Work to be completed:
Going down the listing below, print exactly each line from the one with "Subaru Impreza II" up to and including the one with "50 g Goldbarren Heraeus", and skip the rest.

Data to process:
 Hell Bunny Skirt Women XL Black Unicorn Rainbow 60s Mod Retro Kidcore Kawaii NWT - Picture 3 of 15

...

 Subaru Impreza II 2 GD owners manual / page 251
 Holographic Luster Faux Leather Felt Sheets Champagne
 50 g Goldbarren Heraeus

* * *

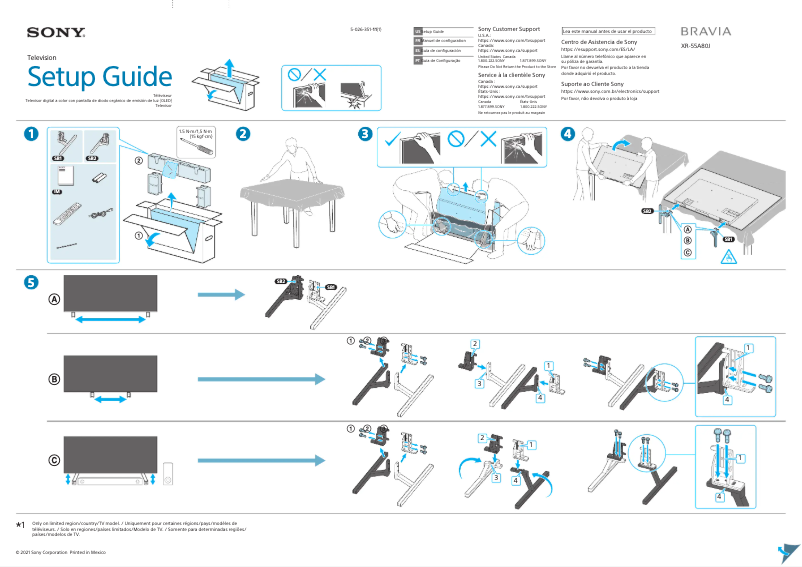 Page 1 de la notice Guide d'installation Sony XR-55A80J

Task solution:
 Subaru Impreza II 2 GD owners manual / page 251
 Holographic Luster Faux Leather Felt Sheets Champagne
 50 g Goldbarren Heraeus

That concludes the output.